#1370 Issue closed: ERROR: BUG BUG BUG! Could not determine size of disk sdd/sdd1

Labels: discuss / RFC, fixed / solved / done, minor bug

mtquattro opened issue at 2017-05-20 02:28:

Relax-and-Recover (ReaR) Issue Template

Fill in the following items before submitting a new issue
(quick response is not guaranteed with free support):

  • rear version (/usr/sbin/rear -V): Relax-and-Recover 1.17.2 / Git

  • OS version (cat /etc/rear/os.conf or lsb_release -a): CentOS Linux release 7.3.1611 (Core)

  • rear configuration files (cat /etc/rear/site.conf or cat /etc/rear/local.conf):
    OUTPUT=USB
    BACKUP=NETFS
    BACKUP_URL=usb:///dev/disk/by-label/REAR-000
    USB_DEVICE=/dev/disk/by-label/REAR-000

  • Are you using legacy BIOS or UEFI boot? NO

  • Brief description of the issue:
    Problem occurs while running rear -v rescue.
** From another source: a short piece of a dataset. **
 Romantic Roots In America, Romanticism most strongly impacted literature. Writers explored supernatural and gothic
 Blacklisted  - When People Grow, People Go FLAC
Reprodusable.

+++ StopIfError 'Partition sdd1 is numbered '''1'''. More than 128 partitions is not supported.'
+++ (( 0 != 0 ))
+++ echo 1
++ partition_nr=1
++ partition_prefix=sdd
+++ get_disk_size sdd/sdd1
+++ local disk_name=sdd/sdd1
++++ get_block_size sdd
++++ '[' -r /sys/block/sdd/queue/logical_block_size ']'
++++ echo 512
+++ local block_size=512
+++ '[' -r /sys/block/sdd/sdd1/size ']'
+++ BugIfError 'Could not determine size of disk sdd/sdd1, please file a bug.'
+++ (( 1 != 0 ))
+++ BugError 'Could not determine size of disk sdd/sdd1, please file a bug.'
+++ '[' Could not determine size of disk sdd/sdd1, please file a bug. -eq Could not determine size of disk sdd/sdd1, please file a bug. ']'
+++ EXIT_CODE=1
+++ Error 'BUG BUG BUG! ' 'Could not determine size of disk sdd/sdd1, please file a bug.' '
=== Issue report ===
Please report this unexpected issue at: https://github.com/rear/rear/issues
Also include the relevant bits from /var/log/rear/rear-dnxlab-300-2.log

  • Work-around, if any:

gozora commented at 2017-05-20 09:32:

Hi @mtquattro,

I'm observing this behavior from time to time when I test ReaR backup on USB. I did not examine exact reason (maybe udev doing something with disk links), but what helps me to avoid such situation is following:

locate get_disk_size () in /usr/share/rear/lib/layout-functions.sh and add sleep 5 before local block_size=$(get_block_size ${disk_name%/*}) so the final result looks something like this:

get_disk_size() {
    local disk_name=$1

    sleep 5
    local block_size=$(get_block_size ${disk_name%/*})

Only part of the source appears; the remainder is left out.